| EXERCISE DIRECTIONS |
The lines to repeat are those below from the one containing "原创陈好还是当年那个万人迷穿黑色衣服涂红唇美艳大方不老气" down to the one containing "Stylowa i elegancka", both included; reproduce them exactly and nothing else.

_ _ _ _ _

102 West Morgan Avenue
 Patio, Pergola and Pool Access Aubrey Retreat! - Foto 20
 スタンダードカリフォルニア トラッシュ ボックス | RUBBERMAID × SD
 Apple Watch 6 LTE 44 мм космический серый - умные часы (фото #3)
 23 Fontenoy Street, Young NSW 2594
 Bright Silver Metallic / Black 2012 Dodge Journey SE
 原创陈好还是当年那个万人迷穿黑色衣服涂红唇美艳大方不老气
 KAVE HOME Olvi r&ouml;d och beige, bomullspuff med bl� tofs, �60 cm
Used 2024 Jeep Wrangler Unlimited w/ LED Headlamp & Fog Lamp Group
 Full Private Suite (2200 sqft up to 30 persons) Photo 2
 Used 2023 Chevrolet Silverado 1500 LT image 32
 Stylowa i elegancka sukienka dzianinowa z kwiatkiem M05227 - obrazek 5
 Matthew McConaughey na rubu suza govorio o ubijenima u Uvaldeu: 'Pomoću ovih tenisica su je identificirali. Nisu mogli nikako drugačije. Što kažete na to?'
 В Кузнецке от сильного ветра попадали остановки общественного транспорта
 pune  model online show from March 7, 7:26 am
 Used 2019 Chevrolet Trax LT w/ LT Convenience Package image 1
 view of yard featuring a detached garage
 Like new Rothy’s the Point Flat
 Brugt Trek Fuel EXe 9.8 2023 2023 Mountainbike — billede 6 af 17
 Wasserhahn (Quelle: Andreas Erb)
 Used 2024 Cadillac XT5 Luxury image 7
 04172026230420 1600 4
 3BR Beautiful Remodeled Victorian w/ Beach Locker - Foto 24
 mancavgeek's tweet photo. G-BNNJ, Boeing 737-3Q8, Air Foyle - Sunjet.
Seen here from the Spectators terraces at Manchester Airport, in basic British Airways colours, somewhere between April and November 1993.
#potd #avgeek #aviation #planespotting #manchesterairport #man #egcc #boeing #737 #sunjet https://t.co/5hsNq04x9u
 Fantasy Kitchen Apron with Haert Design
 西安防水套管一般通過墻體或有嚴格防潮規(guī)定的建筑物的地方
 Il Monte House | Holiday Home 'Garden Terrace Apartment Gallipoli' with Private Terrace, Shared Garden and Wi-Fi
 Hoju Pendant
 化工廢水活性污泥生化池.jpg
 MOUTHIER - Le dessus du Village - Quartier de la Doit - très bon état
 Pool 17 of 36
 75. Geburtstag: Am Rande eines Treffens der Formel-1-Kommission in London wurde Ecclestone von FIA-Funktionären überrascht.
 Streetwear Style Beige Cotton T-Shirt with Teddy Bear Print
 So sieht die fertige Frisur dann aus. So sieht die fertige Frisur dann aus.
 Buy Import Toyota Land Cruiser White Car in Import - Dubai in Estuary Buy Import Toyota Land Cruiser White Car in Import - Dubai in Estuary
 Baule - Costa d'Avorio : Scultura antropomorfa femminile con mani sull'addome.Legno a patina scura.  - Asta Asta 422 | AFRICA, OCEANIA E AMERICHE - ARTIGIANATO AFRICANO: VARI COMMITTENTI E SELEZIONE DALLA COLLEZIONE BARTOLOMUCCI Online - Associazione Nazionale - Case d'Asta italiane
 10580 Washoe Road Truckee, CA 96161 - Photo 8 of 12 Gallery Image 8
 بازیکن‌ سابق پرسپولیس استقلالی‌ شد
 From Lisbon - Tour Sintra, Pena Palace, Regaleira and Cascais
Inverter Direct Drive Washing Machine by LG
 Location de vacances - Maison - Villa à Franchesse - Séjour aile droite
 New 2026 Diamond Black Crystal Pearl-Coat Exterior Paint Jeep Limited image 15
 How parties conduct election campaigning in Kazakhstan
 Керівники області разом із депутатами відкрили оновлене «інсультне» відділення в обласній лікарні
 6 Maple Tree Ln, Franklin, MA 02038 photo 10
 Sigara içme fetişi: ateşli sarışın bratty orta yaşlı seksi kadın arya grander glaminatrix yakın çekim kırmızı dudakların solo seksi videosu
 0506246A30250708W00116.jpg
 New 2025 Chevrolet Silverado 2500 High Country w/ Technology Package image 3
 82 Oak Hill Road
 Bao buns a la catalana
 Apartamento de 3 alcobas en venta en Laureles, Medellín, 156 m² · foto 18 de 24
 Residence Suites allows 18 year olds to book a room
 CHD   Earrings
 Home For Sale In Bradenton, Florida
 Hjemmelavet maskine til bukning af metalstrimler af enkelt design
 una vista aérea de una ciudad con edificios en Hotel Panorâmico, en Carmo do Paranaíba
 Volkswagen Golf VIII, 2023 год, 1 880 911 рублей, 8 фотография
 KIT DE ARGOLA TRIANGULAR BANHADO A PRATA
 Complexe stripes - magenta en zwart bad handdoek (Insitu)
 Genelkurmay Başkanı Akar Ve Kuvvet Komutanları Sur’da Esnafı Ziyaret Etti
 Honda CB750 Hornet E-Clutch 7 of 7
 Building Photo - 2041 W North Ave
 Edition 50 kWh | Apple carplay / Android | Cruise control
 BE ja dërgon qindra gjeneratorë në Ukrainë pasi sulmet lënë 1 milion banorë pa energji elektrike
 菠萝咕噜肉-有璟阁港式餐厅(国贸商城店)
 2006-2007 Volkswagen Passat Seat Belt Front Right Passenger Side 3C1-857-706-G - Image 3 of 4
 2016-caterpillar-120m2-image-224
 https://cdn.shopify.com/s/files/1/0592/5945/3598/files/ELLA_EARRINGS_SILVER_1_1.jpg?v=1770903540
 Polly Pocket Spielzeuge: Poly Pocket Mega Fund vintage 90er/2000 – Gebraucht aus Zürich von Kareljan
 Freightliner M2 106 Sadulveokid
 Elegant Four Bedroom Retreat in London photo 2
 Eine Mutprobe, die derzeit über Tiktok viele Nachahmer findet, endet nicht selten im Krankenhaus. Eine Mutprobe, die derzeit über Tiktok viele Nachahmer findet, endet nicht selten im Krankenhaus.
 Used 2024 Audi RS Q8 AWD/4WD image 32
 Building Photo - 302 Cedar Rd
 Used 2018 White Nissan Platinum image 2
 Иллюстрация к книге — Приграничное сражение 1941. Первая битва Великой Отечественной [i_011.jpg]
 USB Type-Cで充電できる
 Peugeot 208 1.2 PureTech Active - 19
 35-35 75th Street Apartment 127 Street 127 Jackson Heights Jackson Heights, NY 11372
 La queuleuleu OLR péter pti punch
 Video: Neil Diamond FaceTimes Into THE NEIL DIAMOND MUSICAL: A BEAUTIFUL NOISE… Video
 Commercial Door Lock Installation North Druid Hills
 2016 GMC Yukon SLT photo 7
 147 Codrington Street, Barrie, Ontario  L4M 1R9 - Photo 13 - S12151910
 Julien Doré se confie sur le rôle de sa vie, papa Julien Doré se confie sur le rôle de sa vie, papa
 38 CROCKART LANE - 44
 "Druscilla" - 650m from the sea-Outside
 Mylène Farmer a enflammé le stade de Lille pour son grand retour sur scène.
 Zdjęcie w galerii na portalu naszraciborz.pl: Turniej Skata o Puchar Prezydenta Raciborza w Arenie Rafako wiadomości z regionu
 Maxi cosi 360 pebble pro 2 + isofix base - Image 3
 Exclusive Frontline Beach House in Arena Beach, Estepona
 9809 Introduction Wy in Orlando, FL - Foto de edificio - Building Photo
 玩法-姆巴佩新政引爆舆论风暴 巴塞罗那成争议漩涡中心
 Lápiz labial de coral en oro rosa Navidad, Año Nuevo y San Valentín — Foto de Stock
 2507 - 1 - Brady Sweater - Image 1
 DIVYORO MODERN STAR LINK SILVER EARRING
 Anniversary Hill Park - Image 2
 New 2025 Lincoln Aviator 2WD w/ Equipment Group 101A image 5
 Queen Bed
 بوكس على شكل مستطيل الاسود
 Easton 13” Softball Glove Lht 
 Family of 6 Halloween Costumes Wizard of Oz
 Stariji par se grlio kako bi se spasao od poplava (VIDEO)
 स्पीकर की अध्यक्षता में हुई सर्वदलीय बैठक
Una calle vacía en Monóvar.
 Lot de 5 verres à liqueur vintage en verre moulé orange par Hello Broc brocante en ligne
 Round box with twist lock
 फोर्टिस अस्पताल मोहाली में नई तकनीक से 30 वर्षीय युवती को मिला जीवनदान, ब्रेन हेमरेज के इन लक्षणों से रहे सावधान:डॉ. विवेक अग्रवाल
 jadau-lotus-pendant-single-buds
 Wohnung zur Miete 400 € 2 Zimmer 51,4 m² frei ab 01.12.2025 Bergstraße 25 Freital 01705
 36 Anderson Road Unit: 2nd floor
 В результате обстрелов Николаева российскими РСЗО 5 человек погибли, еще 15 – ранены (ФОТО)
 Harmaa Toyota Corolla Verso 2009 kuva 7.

_ _ _ _ _

| RESULT |
 原创陈好还是当年那个万人迷穿黑色衣服涂红唇美艳大方不老气
 KAVE HOME Olvi r&ouml;d och beige, bomullspuff med bl� tofs, �60 cm
Used 2024 Jeep Wrangler Unlimited w/ LED Headlamp & Fog Lamp Group
 Full Private Suite (2200 sqft up to 30 persons) Photo 2
 Used 2023 Chevrolet Silverado 1500 LT image 32
 Stylowa i elegancka sukienka dzianinowa z kwiatkiem M05227 - obrazek 5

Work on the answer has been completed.